Renda familiar ameaçada
Na casa da chef de cozinha Juliana Menezes os efeitos da paralisação da economia foram sentidos quase que de imediato. Ela, que deixou a sociedade de um restaurante para cozinhar na casa dos clientes, conta que conseguiu migrar a maior parte da demanda para um serviço de entrega de marmitas, que vem fazendo desde meados de março. Já o marido, que é vendedor e nos últimos dois anos também trabalhava como motorista de aplicativos, praticamente zerou a renda. O prejuízo é calculado em R$ 3 mil dentro do mês.
"Nunca tivemos poupança, não sobra dinheiro para isso. Saímos cortando os gastos", diz Juliana, que reduziu a lista de supermercados, trocando, por exemplo, os alimentos orgânicos por produtos tradicionais. "Comida sempre foi meu 'ralo', onde gasto muito. Só nessa nova lista economizei por volta de R$ 1 mil", afirma.
O corte também avançou nos custos fixos de serviços, como na assinatura de TV a cabo. "Cancelei a internet, bati na porta do meu vizinho de cima e me ofereci para dividir a conta com ele", conta. "Nunca tinha conversado com esse vizinho e só sabia que se chamava Oscar. Ele aceitou fazer um teste e está ótimo assim" afirmou.
Em Florianópolis, a microempresária Madeleine Lisboa teve de cortar no básico. Com o marido desempregado e dois filhos, ela viu a demanda de sua agência de limpeza minguar nas últimas semanas. "Como praticamente não tem serviço, paramos de comer carne. Eu avisei os filhos que para beber é só suco de limão, que pego no quintal do vizinho, e estou fazendo mistura com abacate, que também pego da horta", conta. "Eu ainda tenho minha casa e dinheiro para comprar alguma coisa, agora minhas colaboradoras, que recebem por serviço feito, estão sem nada. Estou distribuindo cestas básicas para que tenham o que comer."
Reestruturação do orçamento doméstico
Sem perspectiva de retomar o trabalho, muitos brasileiros estão revendo o orçamento doméstico para cortar o que é possível. Quem tem alguma reserva, está usando.
É o caso do tradutor Robert Greathouse. Seu último trabalho foi no dia 16 de março. De lá para cá, diz que perdeu 100% de sua renda e consegue pagar as contas graças a uma reserva de emergência que vem acumulando há dez anos. "Eu sou muito controlado e agora preciso ser mais. Acho que só voltarei a receber alguma coisa a partir de julho", diz.

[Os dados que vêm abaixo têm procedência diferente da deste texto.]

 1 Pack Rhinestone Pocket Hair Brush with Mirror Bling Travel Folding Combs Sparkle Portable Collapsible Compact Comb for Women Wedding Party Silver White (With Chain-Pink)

Desde que iniciou a quarentena, em março, Greathouse eliminou gastos com aplicativos de transporte, que consumiam R$ 300 do seu orçamento mensal, a academia e começou a cozinhar: "Estou economizando uns R$ 1 mil por mês."

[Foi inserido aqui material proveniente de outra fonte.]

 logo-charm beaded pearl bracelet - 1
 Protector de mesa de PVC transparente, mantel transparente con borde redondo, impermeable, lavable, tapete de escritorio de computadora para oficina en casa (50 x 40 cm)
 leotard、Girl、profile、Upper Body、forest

A situação é parecida com a de Ailton Silva, que é proprietário de uma empresa que organiza e prepara churrascos em condomínios. O negócio é tocado por ele, a esposa e a filha mais nova. Seu último evento foi há 30 dias.
Desde então, ele tenta adaptar as despesas à nova realidade. "Estou usando um pouco do dinheiro que consegui guardar. Ainda bem que não pago aluguel e tenho poucas dívidas", diz ele, que deve pagar pelo menos o mínimo do cartão de crédito. "As contas de luz e de água e vou jogar para frente. Quero guardar dinheiro para comida e medicamentos, caso a gente precise", afirma.

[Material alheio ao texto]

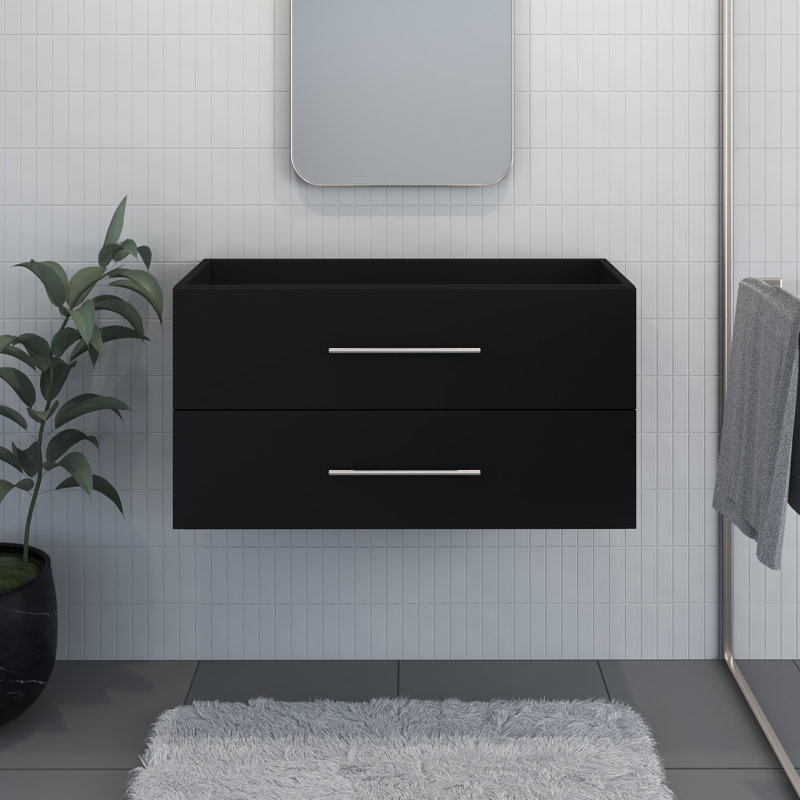 Ensemble de meuble-lavabo mural simple 36 po Munnsville, Noir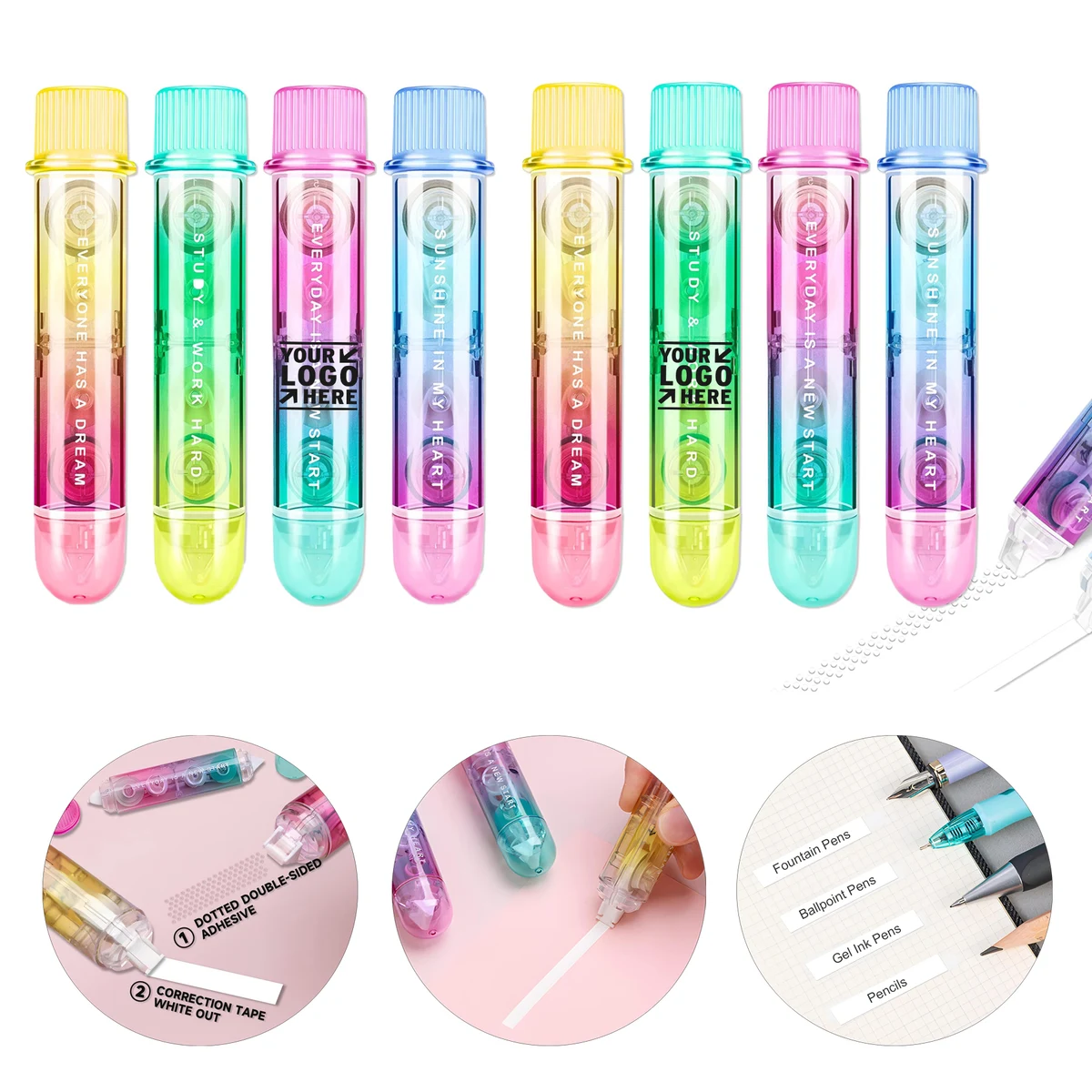 2 in 1 School Home Office Supply Cute Quick Dry Japan White Out Correction Double Sided Tape Roller 1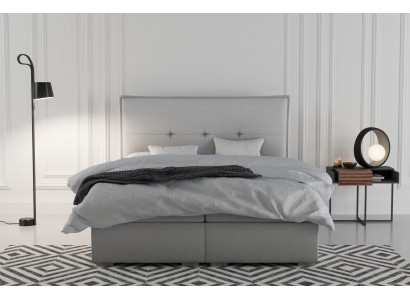 Box spring bed hotel double textile gray luxury beds upholstered storage bed function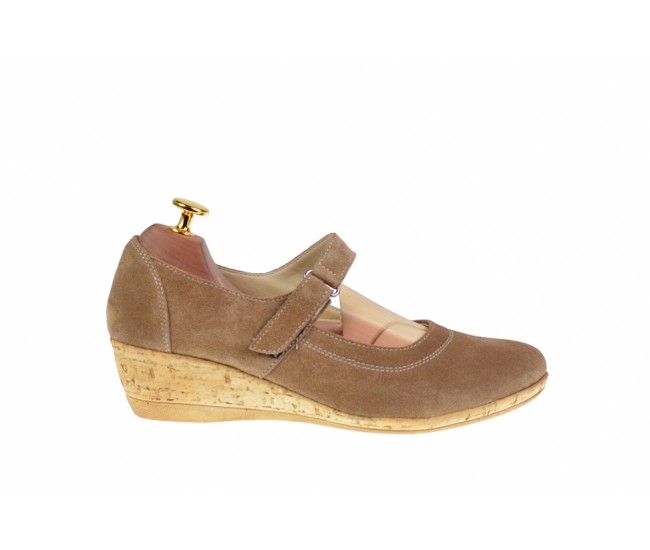 Pantofi dama casual din piele naturala intoarsa bej - P38BEJVELUR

Caso mais delicado é o de Gutierres dos Passos, que conta com seus dois empregos para pagar as contas da casa em que mora com a mãe, em Volta Redonda (RJ). De segunda a sexta trabalha como atendente em uma operadora de telefonia. Aos fins de semana, é gerente de uma casa noturna.
"O trabalho na casa noturna era mais da metade do que eu recebia e foi justamente esse que eu perdi há duas semana." Sem poupança e com a última prestação de seu carro para pagar, ele tomou emprestados R$ 500 em um banco digital. "Dei meu celular como garantia e vou pagar em quatro vezes de R$ 200".